Although they do have anti-microbial activities, beta-lactam antibiotics also have effects on the central nervous system and may be beneficial for: R

  • Addiction
  • Amyotrophic Lateral Sclerosis (ALS)
  • Epilepsy
  • Parkinson’s Disease (PD) 
  • Stroke

Benefits Of Beta-Lactam Antibiotics

1. Protects The Brain After Stroke



The beta-lactam antibiotic, ceftriaxone (CF) is neuroprotective during traumatic brain injuries (TBI). R

For example, in a rodent model of TBI, CF improves post-injury outcomes by decreasing excess glutamate. R

In the hippocampus, CF protects hippocampal neurons from death. R

CF reduces post traumatic astrogliosis (an increase in brain immune cells that destroy neurons) 7 days after TBI. R

A single dose of CF after TBI helps protect against learning and spacial memory deficits. R

CF may also decrease the amount of fluid after a hemorrhagic stroke and reduce inflammation. R R

2. May Help With Epilepsy

Epilepsy is common after TBI as neuronal death creates excess glutamate which triggers epilepsy.  R

From excess glutatmate, epilepsy causes oxidative stress such as reactive oxygen species (ROS), which reduces antioxidants such as glutathione (GSH) in the brain. R

CF decreases oxidative stress by decreasing glutamate and free radicals. R

In animal models 12 weeks after TBI, CF reduces both seizure frequency and duration. R

In studies where rats that given a toxin to induce seizures (pentylenetetrazole), CF was able to reduce oxidative stress in the hippocampus.  R

3. May Help With Alzheimer’s Disease

In animals genetically engineered to age poorly, CF helps protect the hippocampus and prevented cognitive decline. R

CF is also able to ameliorate tau tangles and inhibit cognitive decline in mouse models of Alzheimer’s Disease (AD). R

CF also helps increase synaptic plasticity in mice genetically altered to have problems with glutamate. R 

Although, CF may decrease long term potentiation (LTP), which may result in reduced spatial learning and memory impairment. R R

LTP impairment is commonly seen in patients with AD. R

4. May Help With Autism Spectrum Disorders

Autism Spectrum Disorders (ASD) consist of neuroinflammation and one reason for this is because of excess glutamate. 
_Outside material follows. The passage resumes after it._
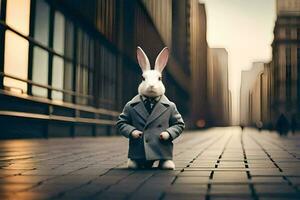 a rabbit dressed in a suit and tie standing on a street. AI-Generated photo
CF may be able to balance neuroinflammation (glutamate and ammonia) in ASD, possibly helping Rett’s syndrome as well. R

5. May Help With Amyotrophic Lateral Sclerosis

In models of Amyotrophic Lateral Sclerosis (ALS), CF also delays neuronal loss by protecting against glutamate excitotoxicity (common in ALS). R

6. May Help With Multiple Sclerosis

In animal models of multiple sclerosis, CF reduced the severity of pain and delayed motor weakness and paralysis. R

7. May Help With Huntington’s Disease

In animal models of Huntington’s Disease (HD), CF improves behavioral performance. R

8. May Help With Depression

By regulating glutamate, CF has antidepressant-like effects in animal models of depression. R

9. May Help With Addiction, Dependence and Tolerance



CF may help with addiction and dependence in:

  • Alcohol R R
  • Amphetamines R
  • Cocaine (reducing tolerance) R R R
  • Heroin R
  • Nicotine R 
  • Sugar R

For example, CF can inhibit animals desire to self-administer cocaine, alcohol, and heroin seeking. R

CF may also reverse tolerance to drugs (such as opiates and stimulants). R R

10. May Help With Parkinson’s Disease

Levodopa (L-Dopa) is commonly used to treat Parkinson’s Disease (PD), but can cause side effects such as dyskinesia (involuntary movements). R

CF may help with dyskinesia by reducing the exicotoxic effects of L-Dopa. R

In animal models of PD that were subjected to MPTP (chemical used to induce PD in animals), CF helped restore brain-derived neurotropic factor (BDNF) and improve memory. R R R

My Client’s Experience With Beta-Lactam Antibiotics

The client I was working with had suffered a hemorrhagic stroke.

She couldn’t:

  • Remember names
  • Identify where she was
  • Properly form words (or sentences)

We had her take only 1g 2x/wk intramuscular injections of rocephin (beta-lactam antibiotic known as ceftriaxone) over a few weeks.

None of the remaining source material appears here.